Sequences for Lazy Evaluation

Simply put, collections are eager and sequences are lazy. Sequences are optimized wrappers around collections intended to improve performance. In this section, we’ll look at what that means and how to decide when to use collections and when to use sequences.

Unlike Java, the methods like filter(), map(), and so on are available in Kotlin directly on collections like List<T>, instead of only on a Stream<T>. The designers of Java made a decision against offering these methods on collections for performance reasons. The designers of Kotlin, on the other hand, decided to lean toward convenience, and they expect us to choose wisely.

Use the internal iterators on collections directly in Kotlin when the collection size is small. For larger collections, use the internal iterators through a sequence. The reason for this is that unlike operations on collections that are evaluated eagerly, the function calls on sequences are evaluated lazily. Laziness defers execution of code to the point where they may be eliminated if unnecessary. That optimization can save time and resources that may otherwise be spent on computations whose results may never be used. And laziness also makes it possible to create infinite sequences that are evaluated on demand. We’ll explore these ideas and discuss their benefits here.

Improve Performance with Sequences

Let’s revisit the example from the previous section where we obtained the first adult in a given list. We’ll use the same Person class and the people list we created earlier. Using the internal iterators filter(), map(), and first(), we get the name of the first adult in the group. Instead of passing lambdas to filter() and map(), we’ll pass function references. The filter() method takes a reference to an isAdult() function, and the map() method takes a reference to the fetchFirstName() function.

 fun​ ​isAdult​(person: Person): Boolean {
  println(​"isAdult called for ${person.firstName}"​)
 return​ person.age > 17
 }
 
 fun​ ​fetchFirstName​(person: Person): String {
  println(​"fetchFirstName called for ${person.firstName}"​)
 return​ person.firstName
 }
 
 val​ nameOfFirstAdult = people
  .filter(::isAdult)
  .map(::fetchFirstName)
  .first()
 
 println(nameOfFirstAdult)

As you would expect, the value stored in nameOfFirstAdult is Jill, no surprises there. But the effort to get that result is significant. The filter() method executes eagerly to call the isAdult() function and creates a list of adults. Then the map() method also executes eagerly to call the fetchFirstName() function and creates yet another list of names of adults. Finally, the two intermediate temporary lists are discarded when first() gets just the first element from the list returned by map().
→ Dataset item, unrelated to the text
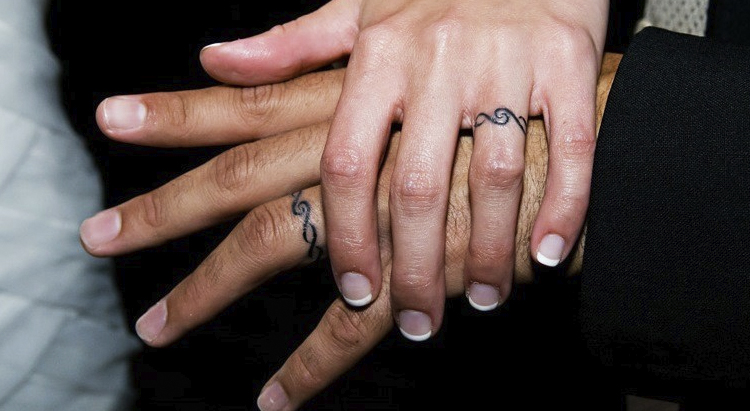 Свадебный тренд: тату вместо обручального кольца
Although only one value is expected as the final result, the execution ends up performing a lot of work, as we can see from the output:

 isAdult called for Sara
 isAdult called for Jill
 isAdult called for Paula
 isAdult called for Paul
 isAdult called for Mani
 isAdult called for Jack
 isAdult called for Sue
 fetchFirstName called for Jill
 fetchFirstName called for Paula
 fetchFirstName called for Paul
 fetchFirstName called for Jack
 Jill

This was a small collection, but what if we had hundreds of thousands of elements in the collection. That would result in a lot of computations whose results aren’t used in the end—what a waste.

This is where the lazy evaluation capabilities of sequences come in. We can wrap a collection into a sequence using the asSequence() method and then apply the same internal iterator methods that we used on the collection, but this time on the sequence. Let’s change the previous code to do that.

 val​ nameOfFirstAdult = people.asSequence()
  .filter(::isAdult)
  .map(::fetchFirstName)
  .first()
 
 println(nameOfFirstAdult)

The only difference between the previous code and this one is the call to asSequence() before the filter() call. A small change but a huge gain in performance, as we see from the output:

 isAdult called for Sara
 isAdult called for Jill
 fetchFirstName called for Jill
 Jill

Instead of eagerly creating a list of adults, the filter() method, when called on a sequence, returns another sequence. Likewise, the call to map() on a sequence returns yet another sequence. But the lambdas passed to filter() or map() haven’t been called yet. When the first() method is called, the actual evaluation that was deferred so long is triggered. Unlike the other methods on sequence that return a sequence, the terminal methods like first() return a result of executing the pipeline of operations. By nature, sequences defer evaluation until a terminal method is called and then minimally perform operations to get the desired result.

Both the direct use of internal iterators on collections and their use via sequences lead to elegant functional-style code. Whereas the computations are performed eagerly when internal iterators are run on collections, the same operations execute lazily when run on sequences.

Since sequences do less work, should we use them all the time instead of calling the internal iterators on collections directly? The short answer is no. If the collection is very small, the difference in performance will be rather negligible. Eager evaluation, which is easier to debug and easier to reason, may be better in that case. However, if the collection size is large, in the hundreds of thousands of elements, then using sequence will remove the significant overhead of creating intermediate collections and eliminated computations.

Infinite Sequences

Performance isn’t the only benefit of laziness. Laziness can also help perform on-demand computation and that, in turn, can help to create infinite or unbounded sequences of elements. An infinite sequence starts with a value and is followed by a sequence of numbers that follow a particular pattern of occurrence. For example, the Fibonacci sequence 1, 1, 2, 3, 5, 8,… follows the pattern that the value at a position is equal to the sum of values at the previous two positions. The numbers 2, 4, 6, 8, 10,… form an infinite sequence of even numbers that start with 2.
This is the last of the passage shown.